- Date: 17 – 23 November
- Edition: 21st
- Surface: Clay
- Location: Guayaquil, Ecuador

Champions

Singles
- Daniel Vallejo

Doubles
- Alex Hernández / Rodrigo Pacheco Méndez
- ← 2024 · Challenger Ciudad de Guayaquil · 2026 →

= 2025 Challenger Ciudad de Guayaquil =

The 2025 Challenger de Guayaquil Copa Banco Guayaquil was a professional tennis tournament played on clay courts. It was the 21st edition of the tournament which was part of the 2025 ATP Challenger Tour.
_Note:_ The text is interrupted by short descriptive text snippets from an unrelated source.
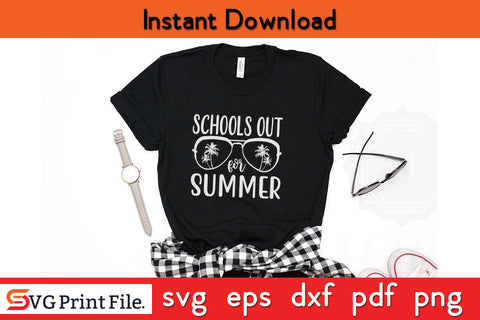 Last Day Of School Schools Out For Summer Teacher Vintage SVG PNG SVG SVG Print File 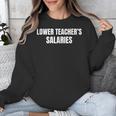 Lower Teacher Salaries Unisex Sweatshirt, funny design Lower Teacher Salaries Unisex Sweatshirt, funny design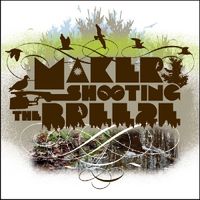 Maker - Shooting The Breeze
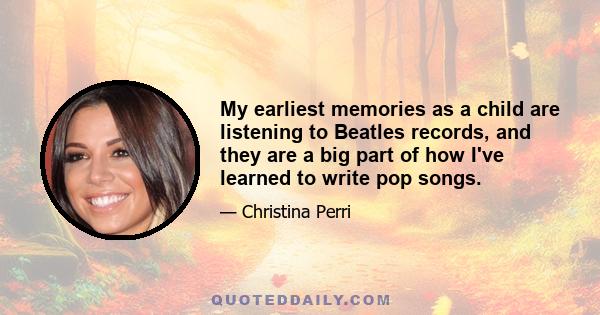 My earliest memories as a child are listening to Beatles records, and they are a big part of how I've learned to write pop songs.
It took place in Guayaquil, Ecuador between 17 and 23 November 2025.

==Singles main-draw entrants==
===Seeds===

| Country | Player | Rank^{1} | Seed |
|---|---|---|---|
| CHI | Tomás Barrios Vera | 111 | 1 |
| PAR | Daniel Vallejo | 169 | 2 |
| LBN | Hady Habib | 173 | 3 |
| ECU | Álvaro Guillén Meza | 200 | 4 |
| PER | Gonzalo Bueno | 206 | 5 |
| MEX | Rodrigo Pacheco Méndez | 209 | 6 |
| BOL | Murkel Dellien | 262 | 7 |
| ARG | Federico Agustín Gómez | 270 | 8 |
| ECU | Andrés Andrade | 283 | 9 |

- ^{1} Rankings are as of 10 November 2025.

===Other entrants===
The following players received wildcards into the singles main draw:
- ECU Emilio Camacho
- ECU Mario André Galarraga
- ECU Lucas Yúnez

The following players received entry into the singles main draw as alternates:
- URU Joaquín Aguilar Cardozo
- USA Ryan Dickerson
- ARG Juan Estévez

The following players received entry from the qualifying draw:
- URU Federico Aguilar Cardozo
- PER Arklon Huertas del Pino
- VEN Luis David Martínez
- ARG Tomás Martínez
- COL Salvador Price
- ARG Lucio Ratti

The following player received entry as a lucky loser:
- CAN Juan Carlos Aguilar

==Champions==
===Singles===

- PAR Daniel Vallejo def. PER Juan Pablo Varillas 7–5, 6–7^{(7–9)}, 6–3.

===Doubles===

- MEX Alex Hernández / MEX Rodrigo Pacheco Méndez def. ARG Lucio Ratti / BRA Victor Hugo Remondy Pagotto 7–5, 6–3.